Selecting Mutual Funds
Many types of mutual funds are available. When assessing a fund, there are four main things to consider:
History — Many investment companies, banks and other financial institutions sell mutual funds. You may want to consider whether the company or fund has an established history of making good investments and achieving satisfactory levels of return.
Management — The management team of any fund has a direct impact on the success of the fund because their decisions determine what securities are bought and sold. Index funds that track a benchmark such as the Standard & Poor’s 500 Composite have no direct management and therefore move synchronously with their indices.
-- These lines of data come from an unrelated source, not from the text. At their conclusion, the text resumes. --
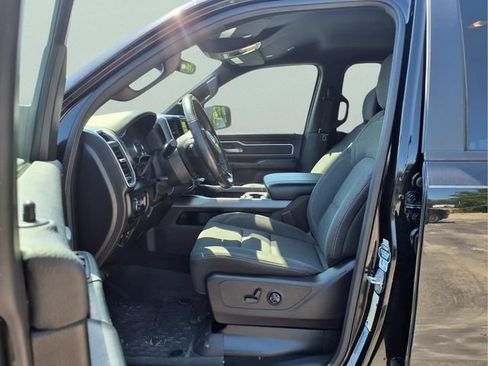 Used 2019 RAM 1500 Big Horn AWD/4WD image 16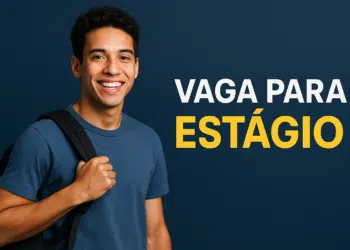 Jovem sorrindo com mochila e texto 'Vaga para Estágio'.
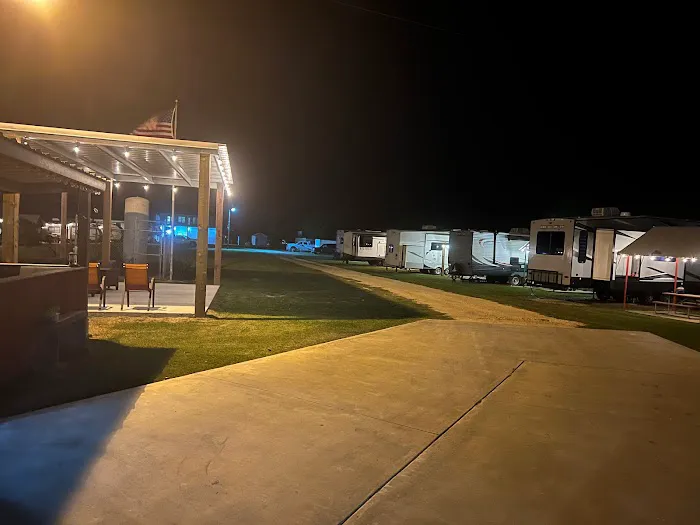 Keller Bay RV Park Picture 1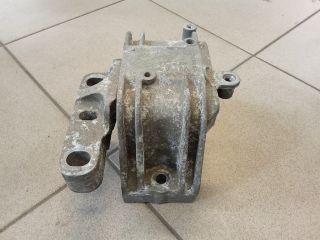 bontott VW GOLF V Motor Tartó Bak (Pozíciófüggetlen)
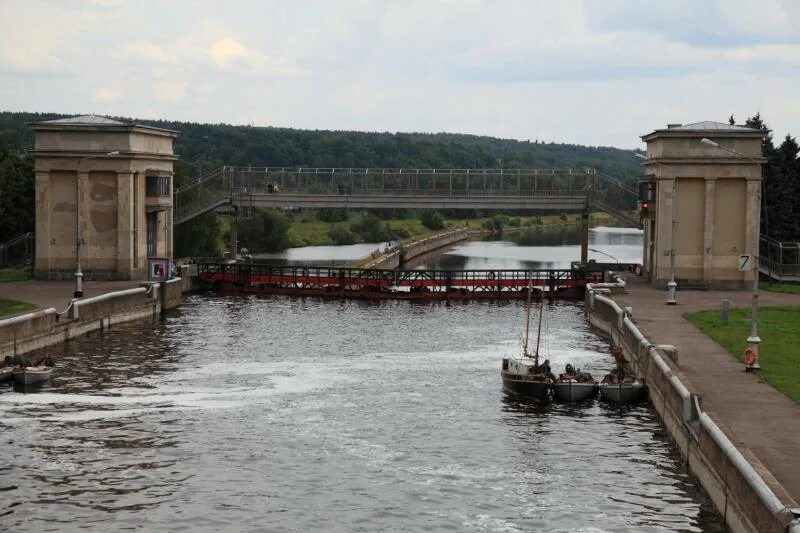 Поселок шлюзы. Посёлок шлюзы в Москве. Шлюз 5 Калининград. Канал имени Москвы рыбалка. Канал имени Москвы картинки.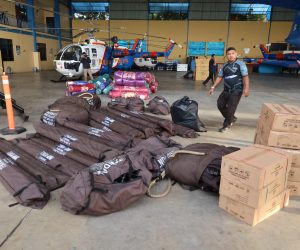 Polri Kirim Ribuan Paket Kebutuhan dan Peralatan SAR ke Aceh, Sumut, dan Sumbar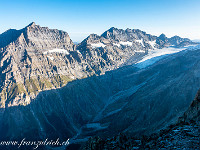 Blick über das Gasteretal zum Doldenhorn (3638 m), zur Blüemlisalpgruppe und zum Kanderfirn. : Hockenhorn, Lötschenpass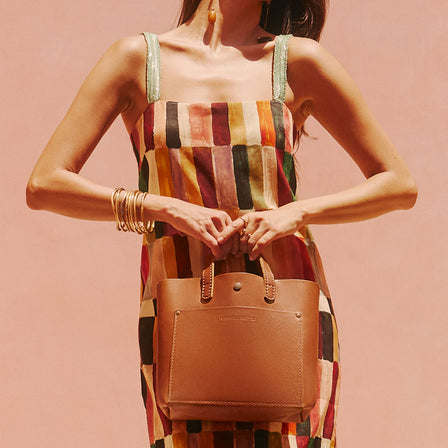 Honey*Classic | Crossbody tote bag with snap closure and front pocket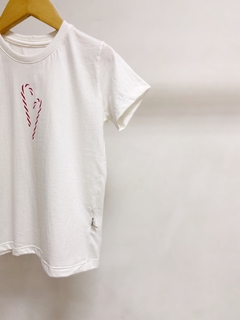 Pronta entrega - Camiseta kids off manga curta bengalinha coração marsala na internet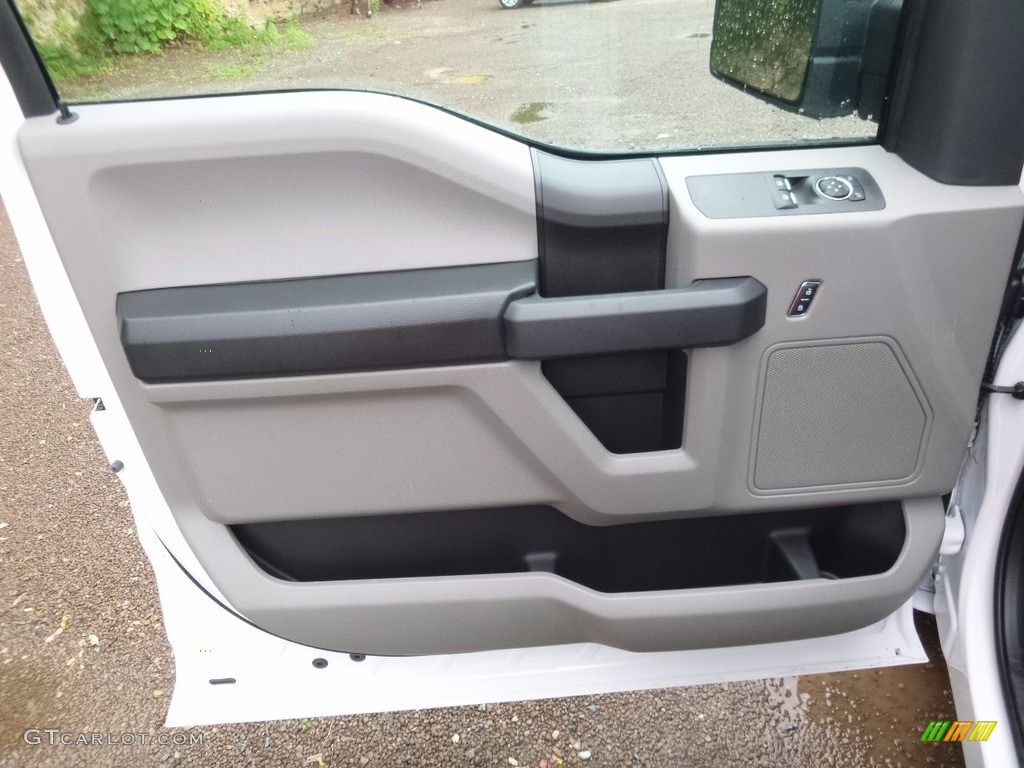 2017 F150 XL Regular Cab - Oxford White / Earth Gray photo #14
Philosophy — You many want to invest in funds that focus on or specialize in a particular industry or have a regional focus. Or you may wish to invest in funds with a particular philosophy, such as protecting the environment by investing in ‘ethical’ or ‘green’ funds. Sectoral, geographic or philosophic specifications for a fund may limit managers’ abilities to invest and therefore add risk and/or reduce potential gains. However, with careful construction, a portfolio of specialized funds can outperform broadly diversified funds.
Fees and risks — You should consider what fees the company charges for managing your money. Funds can be sold on a load or no load commission basis. Most funds also charge monthly management fees. Bear in mind that there is no relationship between fees and performance.
These decisions are critical, for merely investing in recent high-performance funds has been shown in numerous studies to be nothing but a way to lose money. Investors need careful, professional work in constructing a durable portfolio, just as much as they would need careful and professional trades in building a house.